I can hear them in the kitchen talking about work last night and how tough it was, my dad is a cop, and Ace is his partner and his half brother. I am so proud of them, being a cop in Gotham City is a dangerous job, but something in me always is worried that one of them or both of them wont come back home one morning, and that would be the end of my world. I don't have many friends, I know a few from gymnastics, which I got to every Thursday afternoon. I know some girls from Sunday school form when I was little, but we haven't done church in a few years now. I do have one very good friend named Becca who comes over a lot. We met at summer camp one year and have been inseparable ever since. My Dad and Uncle are really my best friends. They've raised me and always been there for me. And I love them more than anyone else. My friends have said it is weird that I like spending time with them and at home so much, but it really doesn't bother me like it does other 15-year-old girls, I really like being home.

JACK POV

"Well last night was a bit rough. Don't you think Ace?" I can't help but move my eyes down the hallway just to make sure Jackie isn't going to come back into the kitchen. I don't like her hearing about my occupation and I've kept it that way since she was very little. I just don't want her to worry about me. The last thing I need to do is to distract her from her hobbies.

"It was. Maybe next time the big guy will take it a bit easier on you." I grin knowing full well what he is meaning. Our nights are always filled with more action and adventure than we probably need, but we can't help ourselves. I suppose it just comes with the job.

"Yeah, but you know him. He would never do that. Especially when it comes to me." I laugh a bit and move on to the remaining section of my toast. Jackie always takes good care of me. In ways she reminds me of her mother, but more of myself. I can't believe it's been 15 years since her mother just abandoned her on my doorstep. She didn't even have the courtesy to knock and hand her over. She just left my little girl there like she meant nothing.

Being a single father can be extremely tough, but my daughter is absolutely the greatest thing to ever happen to me. I may not be perfect and I do have a ton of mistakes under my belt but it will never change how much she means to me.

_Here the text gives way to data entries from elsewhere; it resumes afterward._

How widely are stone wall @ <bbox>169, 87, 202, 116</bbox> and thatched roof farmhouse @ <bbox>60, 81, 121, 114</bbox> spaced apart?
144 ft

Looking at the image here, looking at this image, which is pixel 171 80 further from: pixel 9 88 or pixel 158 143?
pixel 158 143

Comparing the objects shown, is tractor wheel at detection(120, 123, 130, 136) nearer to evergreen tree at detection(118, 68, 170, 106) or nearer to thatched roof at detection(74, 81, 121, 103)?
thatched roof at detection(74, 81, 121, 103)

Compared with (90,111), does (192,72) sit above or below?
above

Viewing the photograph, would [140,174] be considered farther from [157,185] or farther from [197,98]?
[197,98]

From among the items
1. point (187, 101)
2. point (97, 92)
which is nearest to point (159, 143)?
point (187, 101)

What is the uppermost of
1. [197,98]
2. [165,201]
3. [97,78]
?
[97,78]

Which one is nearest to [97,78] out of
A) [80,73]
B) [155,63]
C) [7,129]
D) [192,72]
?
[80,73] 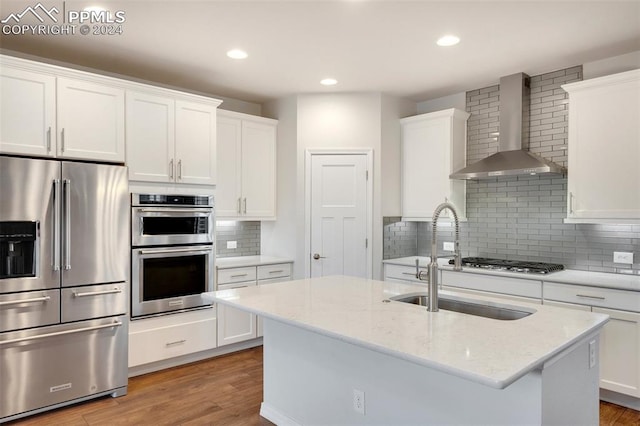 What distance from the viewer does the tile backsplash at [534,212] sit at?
3.58m

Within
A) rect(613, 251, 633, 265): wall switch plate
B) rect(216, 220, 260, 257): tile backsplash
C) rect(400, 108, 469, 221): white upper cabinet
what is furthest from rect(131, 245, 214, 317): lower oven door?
rect(613, 251, 633, 265): wall switch plate

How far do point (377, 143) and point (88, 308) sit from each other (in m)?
3.02

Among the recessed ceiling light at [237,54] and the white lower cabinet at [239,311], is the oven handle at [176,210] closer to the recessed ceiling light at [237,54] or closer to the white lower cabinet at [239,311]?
the white lower cabinet at [239,311]

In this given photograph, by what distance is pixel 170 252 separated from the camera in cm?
362

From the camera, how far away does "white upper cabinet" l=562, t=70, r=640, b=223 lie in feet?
10.2

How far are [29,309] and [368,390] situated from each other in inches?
89.2

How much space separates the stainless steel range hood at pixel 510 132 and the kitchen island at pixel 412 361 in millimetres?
1696

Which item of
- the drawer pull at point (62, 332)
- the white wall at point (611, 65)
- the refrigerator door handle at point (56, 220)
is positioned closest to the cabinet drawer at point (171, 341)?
the drawer pull at point (62, 332)

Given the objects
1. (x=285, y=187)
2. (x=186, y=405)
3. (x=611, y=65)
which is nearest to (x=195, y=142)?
(x=285, y=187)

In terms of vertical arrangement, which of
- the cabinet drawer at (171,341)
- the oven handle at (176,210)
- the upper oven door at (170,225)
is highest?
the oven handle at (176,210)

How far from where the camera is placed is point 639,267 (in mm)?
3348

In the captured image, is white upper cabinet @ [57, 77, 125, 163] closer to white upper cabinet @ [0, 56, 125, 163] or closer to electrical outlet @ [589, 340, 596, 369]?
white upper cabinet @ [0, 56, 125, 163]

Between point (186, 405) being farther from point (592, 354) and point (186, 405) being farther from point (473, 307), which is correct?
point (592, 354)

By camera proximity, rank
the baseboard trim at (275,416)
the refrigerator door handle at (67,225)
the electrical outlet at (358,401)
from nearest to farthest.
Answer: the electrical outlet at (358,401) → the baseboard trim at (275,416) → the refrigerator door handle at (67,225) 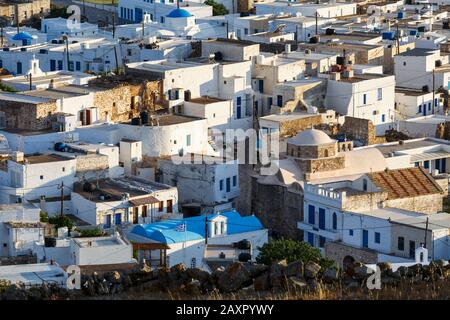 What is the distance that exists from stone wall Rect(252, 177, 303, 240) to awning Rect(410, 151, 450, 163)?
13.7 ft

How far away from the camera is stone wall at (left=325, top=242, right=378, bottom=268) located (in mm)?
33500

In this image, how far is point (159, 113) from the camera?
43562mm

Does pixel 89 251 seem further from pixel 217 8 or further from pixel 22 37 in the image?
pixel 217 8

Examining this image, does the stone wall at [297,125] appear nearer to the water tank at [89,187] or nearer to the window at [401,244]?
the water tank at [89,187]

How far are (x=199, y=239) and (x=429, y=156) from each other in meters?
8.67

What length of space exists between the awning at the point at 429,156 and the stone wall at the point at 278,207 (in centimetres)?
419

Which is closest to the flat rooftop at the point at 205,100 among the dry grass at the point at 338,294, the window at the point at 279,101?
the window at the point at 279,101

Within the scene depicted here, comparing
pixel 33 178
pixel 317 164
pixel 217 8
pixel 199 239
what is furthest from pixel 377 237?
pixel 217 8

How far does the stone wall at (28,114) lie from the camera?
41.3m

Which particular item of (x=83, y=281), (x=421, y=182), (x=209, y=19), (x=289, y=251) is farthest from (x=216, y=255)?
(x=209, y=19)

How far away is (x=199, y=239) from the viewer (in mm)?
34125

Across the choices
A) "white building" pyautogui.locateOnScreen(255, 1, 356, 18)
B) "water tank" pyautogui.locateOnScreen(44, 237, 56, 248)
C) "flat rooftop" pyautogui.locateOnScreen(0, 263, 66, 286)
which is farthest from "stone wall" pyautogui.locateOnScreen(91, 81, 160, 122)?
"white building" pyautogui.locateOnScreen(255, 1, 356, 18)

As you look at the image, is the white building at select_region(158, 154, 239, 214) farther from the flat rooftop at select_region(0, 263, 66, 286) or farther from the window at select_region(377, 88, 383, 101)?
the flat rooftop at select_region(0, 263, 66, 286)

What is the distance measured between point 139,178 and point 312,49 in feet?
44.7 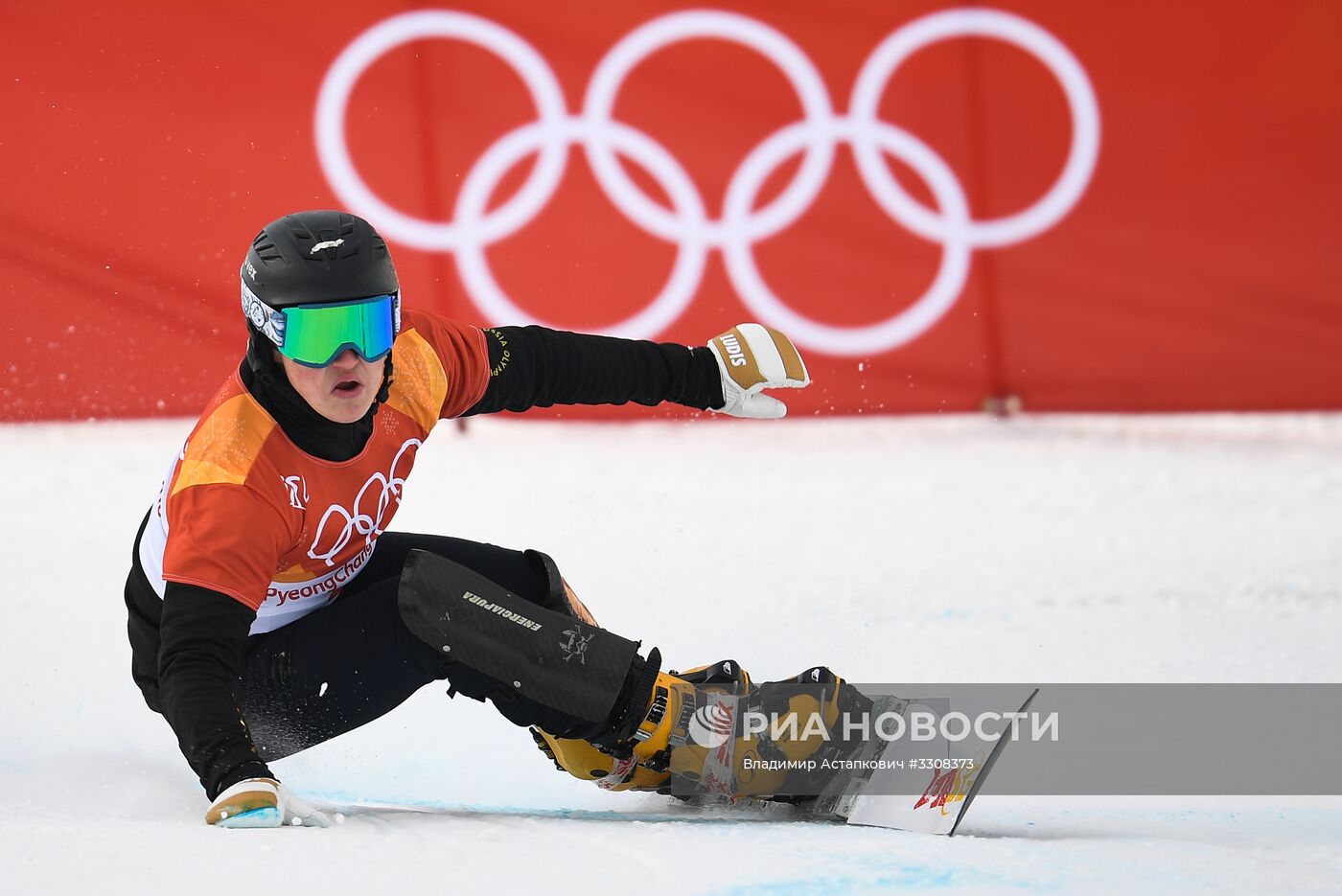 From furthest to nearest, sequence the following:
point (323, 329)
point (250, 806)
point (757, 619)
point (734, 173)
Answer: point (734, 173) → point (757, 619) → point (323, 329) → point (250, 806)

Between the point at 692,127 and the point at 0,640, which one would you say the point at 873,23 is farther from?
the point at 0,640

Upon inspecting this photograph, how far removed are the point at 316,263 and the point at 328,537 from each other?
0.44 meters

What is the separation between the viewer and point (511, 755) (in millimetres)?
3139

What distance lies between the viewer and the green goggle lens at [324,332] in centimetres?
235

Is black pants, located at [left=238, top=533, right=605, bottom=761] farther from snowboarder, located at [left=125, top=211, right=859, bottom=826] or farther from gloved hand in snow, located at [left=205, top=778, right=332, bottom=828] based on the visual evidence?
gloved hand in snow, located at [left=205, top=778, right=332, bottom=828]

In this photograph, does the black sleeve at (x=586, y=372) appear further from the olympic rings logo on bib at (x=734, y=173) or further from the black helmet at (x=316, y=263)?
the olympic rings logo on bib at (x=734, y=173)

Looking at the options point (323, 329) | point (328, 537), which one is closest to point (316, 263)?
point (323, 329)

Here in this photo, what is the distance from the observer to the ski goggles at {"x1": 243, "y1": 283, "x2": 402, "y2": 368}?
7.73ft

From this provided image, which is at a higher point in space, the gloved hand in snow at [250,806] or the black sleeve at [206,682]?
the black sleeve at [206,682]

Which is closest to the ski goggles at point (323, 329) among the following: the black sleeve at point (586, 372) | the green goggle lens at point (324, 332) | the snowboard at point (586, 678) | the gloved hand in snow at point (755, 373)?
the green goggle lens at point (324, 332)

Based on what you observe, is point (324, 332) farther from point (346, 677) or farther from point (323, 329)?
point (346, 677)

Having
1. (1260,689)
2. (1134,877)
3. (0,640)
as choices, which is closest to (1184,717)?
(1260,689)

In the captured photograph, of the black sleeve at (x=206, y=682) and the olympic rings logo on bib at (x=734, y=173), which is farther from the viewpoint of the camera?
the olympic rings logo on bib at (x=734, y=173)

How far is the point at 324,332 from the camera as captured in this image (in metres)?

"Ace, I think I might take the day off. I should spend some time with Jackie and probably buy her something nice to make up for all the time I'm asleep or away." He smiles and agrees softly; knowing that he will be leaving by the time I'm done eating my breakfast. I fold the remaining newspaper up and leave it on the table and stand up to toss the crusts of my toast away. I have always hated the crusts of my bread. It's something that always stuck with me.

I nod a "bye" to Ace and head upstairs to my bedroom. I shut and lock the door (Pure paranoia, I swear) and head to the bathroom. At the mirror I notice that the skin on my cheeks is a bit faded and cracked. The scars are incredibly hard to hide, but somehow I've managed to pull it off for 15 years. I grab the liquid concealer jar from the medicine cabinet and apply it very lightly around the worn skin. It smooth's and dries quickly to my prayers. With scars as deep as these, I have found that I go through more makeup than most women. The biggest part of it is the facial putty used to fill in the gaps.

Most people would never be able to comprehend that I would hide my deformity just to save my loved one the suffering. But I do what I have to do to keep Jackie safe. No one can blame her for being my daughter since she doesn't even have a clue as to who I really am.

I sigh and glance myself over one last time before heading downstairs. I can hear the television going so I assume she is still in the living room. I pop my head around the corner and see that she is indeed still there.

"Hey Jackie, I got the day off. I was wondering if you wanted to hang out with your old man and possibly go shopping later? I feel like you deserve something nice. Something big, anything you want." She beams at me and I know that I have her hooked. She just can't say no to me. I know today is going to be a great day now.